Hence, we have shown that $S$ has a minimum and maximum element, as desired.

Answer 2

Let $F$ be a finite set. if $F$ is $\{x\} $ then we are done since we vacouly have $x \geq x $ and hence $x = \max \{ x \} $. If $F = \{ a_1 ,... a_n \} $. assume they are different, otherwise we are back again to singleton case. Now, take $a_1$. IF $a_1 $ is greater than any other $a_i$ then set $a_1 = \max F $ and we are done. IF not, take $a_2$, and repeat previous step. Continue in this manner inductively. Eventually, we get the max.

Answer 3

One needs to be careful about the set where to work, and the definition of the ordering. If the set is well ordered, then the above proof works fine. Otherwise, it can happen that there is a supremum, but not a maximum.
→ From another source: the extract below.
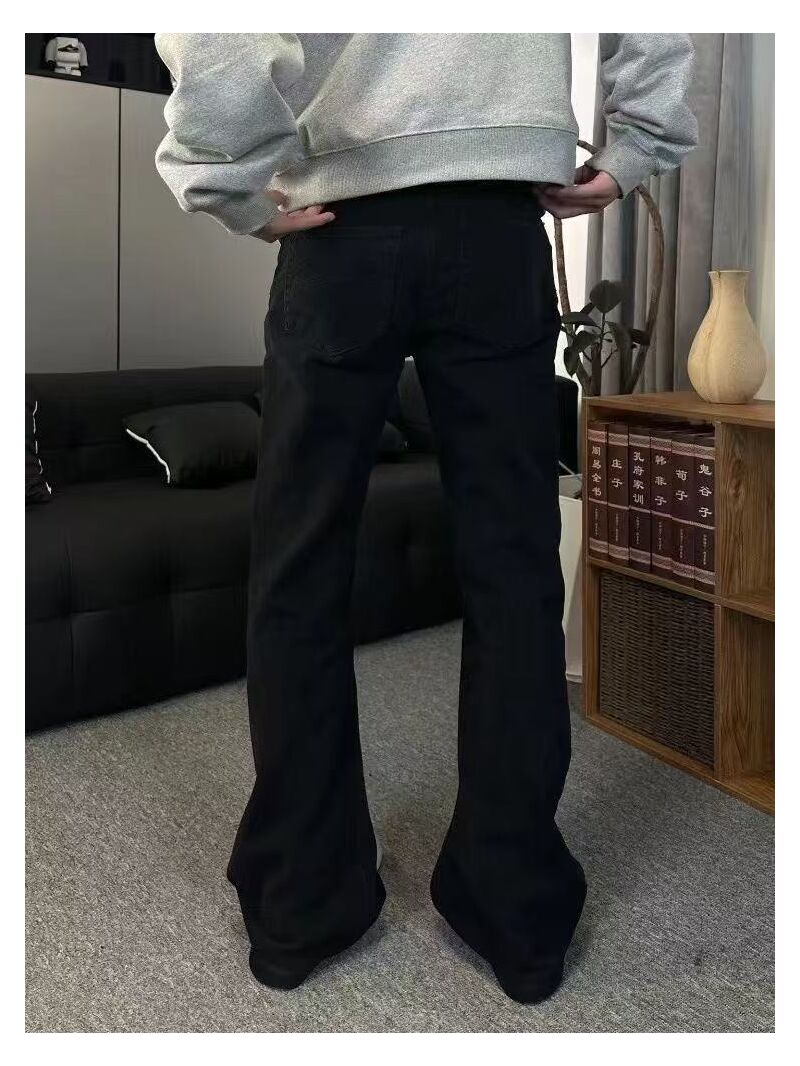 Мужские джинсы bootcut чёрные, слегка расклешённые, стираные с начёсом, стиль high street, хлопок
We can, for example, consider the partial ordering on the set of $2\times 2$ real-valued matrices, where two matrices $A$ and $B$ are such that $A\le B$ if and only if all the entries of $B-A$ are non-negative.

With the above-mentioned order relation and set, we consider the subset $$ E = \left\{ \begin{pmatrix} 1 & 0 \\ 0& 0 \end{pmatrix}, \begin{pmatrix} 0 & 0 \\ 0& 1 \end{pmatrix} \right\} .$$

We can see that $E$ is bounded from above (by $ \begin{pmatrix} 1 & 0 \\ 0& 1 \end{pmatrix}$ for example), and from below( by $\begin{pmatrix} 0 & 0 \\ 0& 0 \end{pmatrix}$ for example). However, the two elements of $E$ are not comparable using the defined order relation, so none of them is the maximum.